## What you will do
Write out exactly what each line says, starting with the first line below and ending on the one with "KKXIU Casual Flap".

++++ Study material

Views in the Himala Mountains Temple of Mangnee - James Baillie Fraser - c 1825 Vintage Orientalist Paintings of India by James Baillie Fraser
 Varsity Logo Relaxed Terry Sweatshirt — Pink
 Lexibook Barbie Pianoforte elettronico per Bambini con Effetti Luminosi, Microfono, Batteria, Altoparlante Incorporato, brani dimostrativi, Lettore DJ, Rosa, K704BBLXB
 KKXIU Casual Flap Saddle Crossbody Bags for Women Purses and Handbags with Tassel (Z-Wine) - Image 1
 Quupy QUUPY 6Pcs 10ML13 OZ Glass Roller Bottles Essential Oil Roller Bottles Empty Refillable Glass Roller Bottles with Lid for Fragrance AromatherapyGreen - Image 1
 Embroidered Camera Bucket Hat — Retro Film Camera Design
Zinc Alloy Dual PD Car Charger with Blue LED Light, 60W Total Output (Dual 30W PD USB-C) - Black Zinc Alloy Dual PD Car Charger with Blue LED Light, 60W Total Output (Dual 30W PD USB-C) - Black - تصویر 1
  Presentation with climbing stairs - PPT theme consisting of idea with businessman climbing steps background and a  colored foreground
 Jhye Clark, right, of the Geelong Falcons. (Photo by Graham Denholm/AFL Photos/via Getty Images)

++++++++

## Answer to this problem
Views in the Himala Mountains Temple of Mangnee - James Baillie Fraser - c 1825 Vintage Orientalist Paintings of India by James Baillie Fraser
 Varsity Logo Relaxed Terry Sweatshirt — Pink
 Lexibook Barbie Pianoforte elettronico per Bambini con Effetti Luminosi, Microfono, Batteria, Altoparlante Incorporato, brani dimostrativi, Lettore DJ, Rosa, K704BBLXB
 KKXIU Casual Flap Saddle Crossbody Bags for Women Purses and Handbags with Tassel (Z-Wine) - Image 1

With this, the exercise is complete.